Starter Interrupt Devices - Truth and Fiction

By Thomas B. Hudsonlegal
I’ve been writing about starter interrupt devices for several years now and currently represent two companies that manufacture the devices. In earlier articles, I examined legal issues arising from their use and suggested ways that dealers and finance companies could use the devices without taking on undue legal risks. Writing these articles and tracking legal developments dealing with the use of the devices has convinced me that the devices are relatively safe, from a legal standpoint, when they are used correctly, preferably with an arbitration agreement as part of the deal package.
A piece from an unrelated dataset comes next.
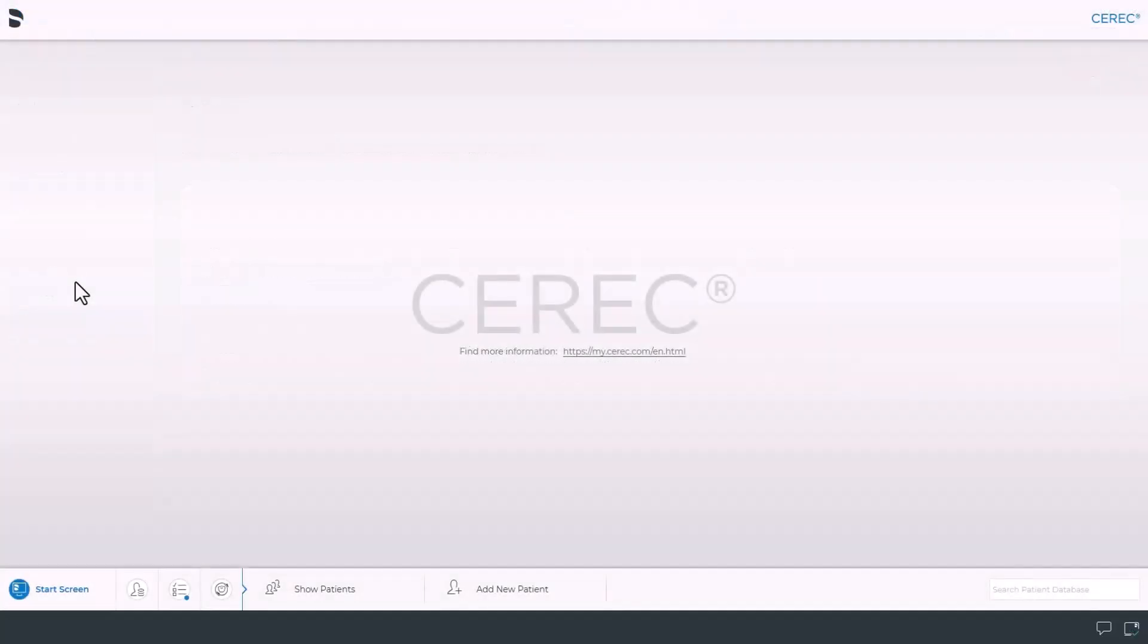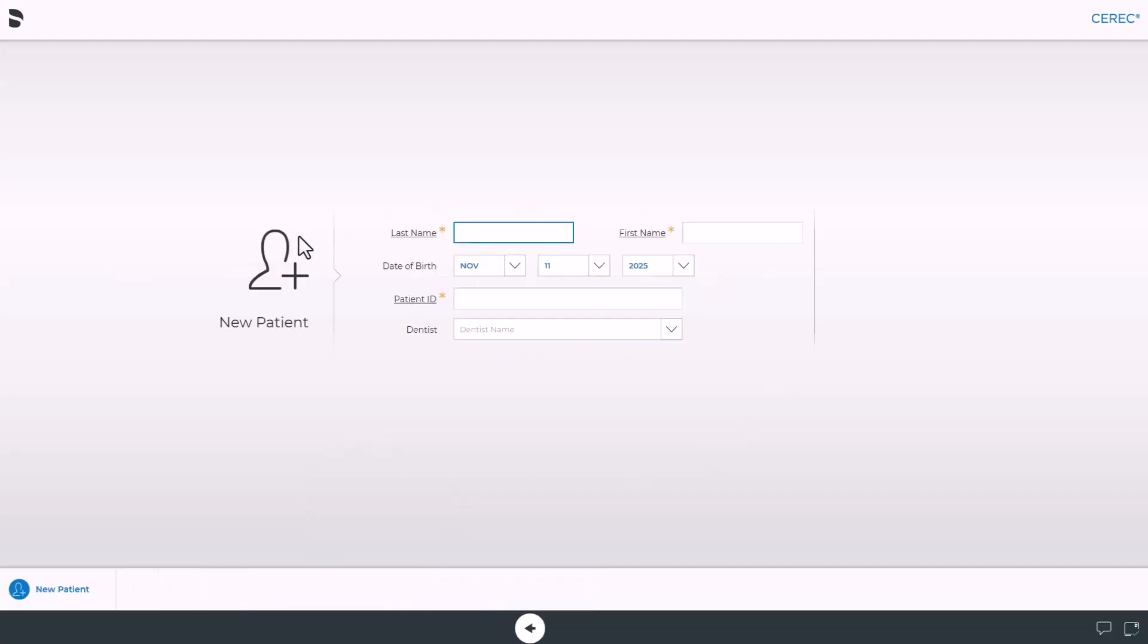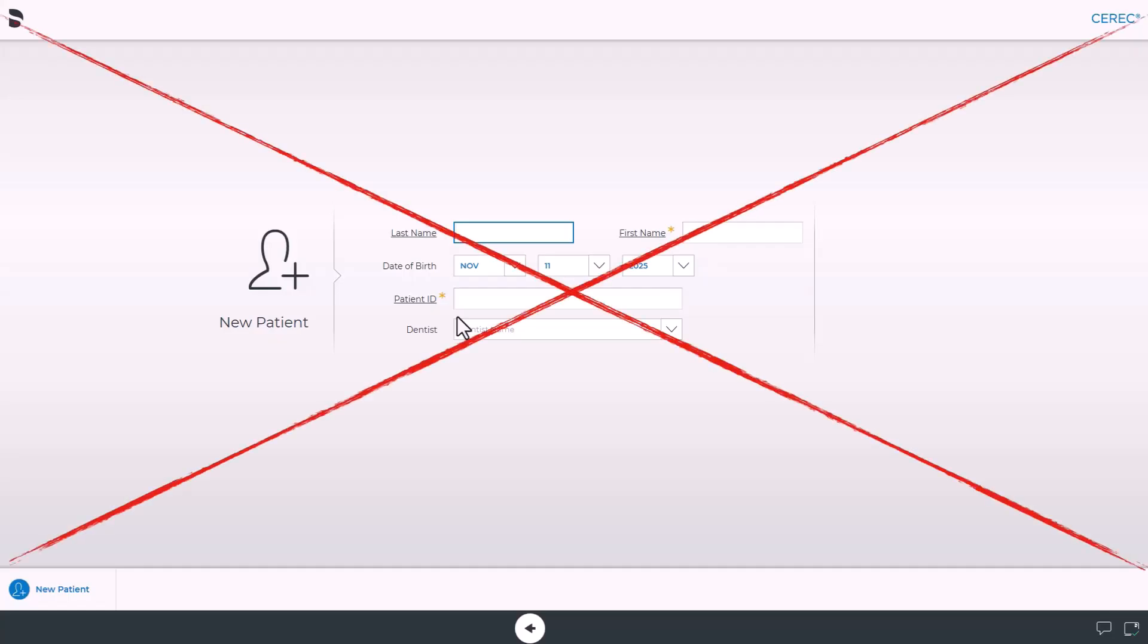Now for years we've been used to creating our new patients in either the CEREC or the Connect software. We'd go ahead and we'd click Add New Patient. We'd enter the last name, first name, date of birth, and sometimes the dentist. This is no longer the workflow we are going to use.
Because I have gotten comfortable with the devices, I’m always surprised when I discover that there are those whose opinions I respect who wouldn’t touch the devices with a 10-foot pole. When I ask these detractors the reasons for their positions, they usually respond with one or more of the following, some of which are true and some of which aren’t:

Litigation. Detractors of the devices often mention the threat of litigation. That threat is always real in today’s world, but the fact is that I am aware of only one case involving the use of starter interrupt devices in a creditor-debtor context. That was the case involving Mel Farr’s Detroit dealership. The case was filed in late 1999, and quickly settled, with the judge who approved the settlement agreement saying some nice things from the bench about the good work Mr. Farr’s dealership was doing in financing cars in inner-city Detroit.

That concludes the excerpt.